How the Compiler Works
The Runar compiler transforms high-level contract code from multiple source languages into optimized Bitcoin Script. This page provides an architectural overview of the compiler’s design and the key decisions behind it.
Why a Nanopass Architecture
Traditional compilers often use a small number of large, monolithic passes that each do many things at once. The Runar compiler takes the opposite approach: it is structured as a 6-pass nanopass pipeline where each pass has a single, well-defined responsibility. This design brings several advantages.
Auditability. Because each pass does exactly one thing, it is straightforward to inspect and verify. A pass that only validates syntax rules does not also need to reason about stack layout. A pass that only lowers to an intermediate representation does not also need to emit opcodes.
Testability. Each pass can be tested in isolation. You can feed a hand-crafted AST into the type-checker without running the parser first. You can feed a hand-crafted ANF program into the stack lowering pass without running the first three passes.
Multi-language support. The nanopass design cleanly separates the language-specific frontend (parsing) from the language-agnostic backend (everything after the AST). This means adding a new source language only requires writing a new parser — all downstream passes are shared.
Reproducibility. The pipeline has a clearly defined conformance boundary at the ANF IR stage. All four independent compiler implementations (TypeScript, Go, Rust, Python) must produce byte-identical ANF output for the same source contract. This is the foundation of Runar’s cross-compiler verification guarantee.
High-Level Architecture
The compiler pipeline consists of six sequential passes:
Source Code (TS / Go / Rust / Python)
|
[1] Parse -- Source text to Runar AST (ContractNode)
|
[2] Validate -- Enforce language subset rules
|
[3] Type-check -- Verify types and consumption rules
|
[4] ANF Lower -- AST to Administrative Normal Form IR
| *** CONFORMANCE BOUNDARY ***
[5] Stack Lower -- ANF IR to Stack IR (opcodes + positions)
|
[6] Emit -- Stack IR to Bitcoin Script hex
|
Artifact JSON
Passes 1 through 3 operate on the ContractNode AST. Pass 4 produces the ANFProgram intermediate representation. Pass 5 produces the StackProgram representation. Pass 6 emits final Bitcoin Script.
Multi-Language Frontend Design
The parsing pass is the only language-specific component in the entire pipeline. Each supported source language has its own parser, but all parsers produce the same ContractNode AST:
| Source Language | Parser Technology | Entry Point |
|---|---|---|
| TypeScript | ts-morph | 01-parse.ts |
| Solidity | Hand-written recursive descent | 01-parse-sol.ts |
| Move | Hand-written recursive descent | 01-parse-move.ts |
| Go | Hand-written recursive descent | 01-parse-go.ts |
| Rust | Hand-written recursive descent | 01-parse-rust.ts |
| Python | Hand-written tokenizer + recursive descent | 01-parse-python.ts |
The ContractNode AST is a language-neutral representation of a Runar contract. It captures the contract name, constructor parameters, state fields, and public methods with their parameter lists and body statements. Language-specific syntax is erased at this stage — a TypeScript contract and a Go contract that define the same logic produce identical ASTs.

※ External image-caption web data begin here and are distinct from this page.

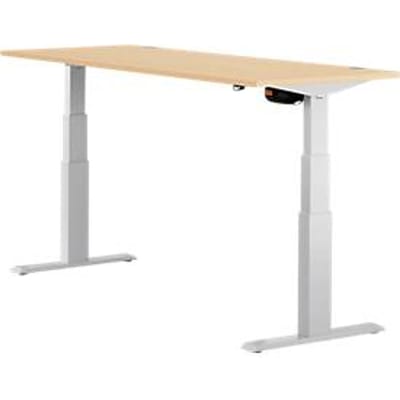 Schäfer Shop Select ERGO-T bureau, elektrisch in hoogte verstelbaar, rechthoekig, T-poot, B 1800 x D 800 x H 640-1300 mm, ahorn decor/blank aluminium
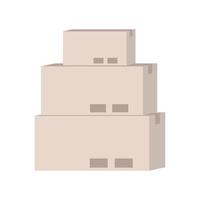 Cajas de cartón para entrega de objetos vectoriales de color semi plano vector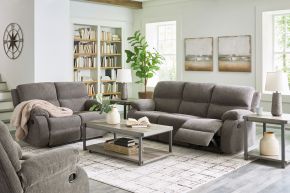Signature Design by Ashley® 66502/88/86/25 Scranto - Brindle - 3 Pc. - Reclining Sofa, Reclining Loveseat, Rocker Recliner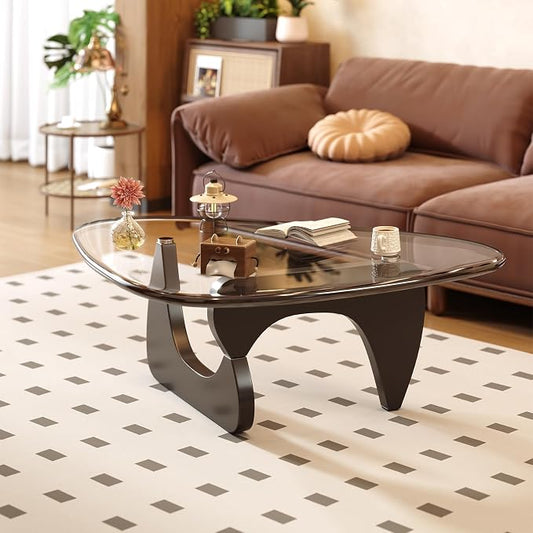 Coffee Table for Living Room Mid Century Modern Center Small Table with Glass Top and Wood, Black Transparent(36 Inch)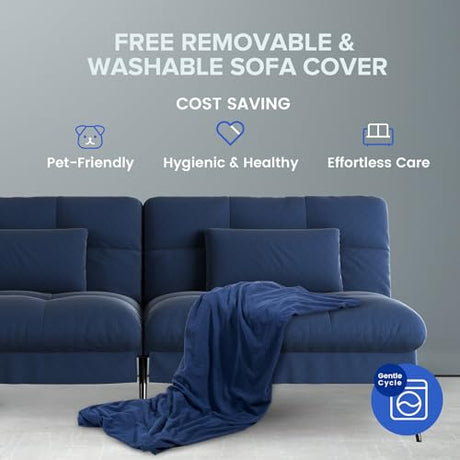 COMHOMA Convertible Futon Sofa Bed, 72″Fabric Futons Couch with Adjustable Backrest, Folding Sleeper Recliner for Living Room Furniture (Blue) COMHOMA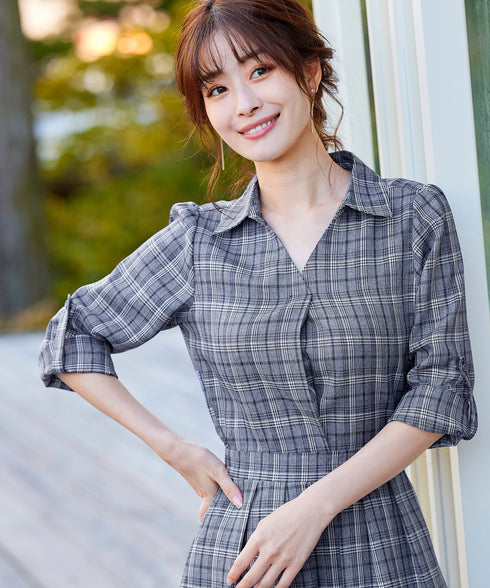 【アウトレット】小顔効果も期待できるスキッパーシャツワンピース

This design means that the validation, type-checking, ANF lowering, stack lowering, and emission passes do not need to know which language the contract was originally written in. They operate on a single, shared data structure.
The Conformance Boundary
The most important architectural decision in the Runar compiler is the conformance boundary at the ANF IR stage (between passes 4 and 5).
Runar is implemented as four independent compilers in four different languages. These compilers are developed by different teams and use different parser technologies. But they must all produce the same Bitcoin Script for the same source contract. The conformance boundary enforces this.
After pass 4, every compiler must produce byte-identical ANF output for a given source contract. The ANF representation is deterministic and fully specified: every sub-expression is bound to a sequential temporary (t0, t1, t2, …), and the ordering is defined by a canonical traversal of the AST.
This means:
- The TypeScript compiler and the Go compiler will produce the same ANF for the same contract.
- The ANF can be serialized, hashed, and compared across implementations.
- If two compilers produce different ANF for the same input, at least one has a bug.
Passes 5 and 6 (stack lowering and emission) are deterministic transformations of the ANF, so identical ANF guarantees identical Bitcoin Script output.
Intermediate Representation (IR)
The compiler uses two intermediate representations.
ANF IR (Administrative Normal Form)
ANF is a functional intermediate representation where every sub-expression is bound to a named temporary. There are no nested expressions — every operation takes only atoms (variables or literals) as arguments.
For example, given the expression hash160(pubKey) === this.pubKeyHash, the ANF representation is:
let t0 = hash160(pubKey)
let t1 = eq(t0, this.pubKeyHash)
This flattened form makes it trivial to determine evaluation order and map operations to a stack machine.
Stack IR
Stack IR is a low-level representation that maps ANF operations to Bitcoin Script stack operations. Each ANF temporary is resolved to a stack position, and the appropriate OP_PICK, OP_ROLL, or OP_SWAP instructions are inserted to bring values to the top of the stack when needed.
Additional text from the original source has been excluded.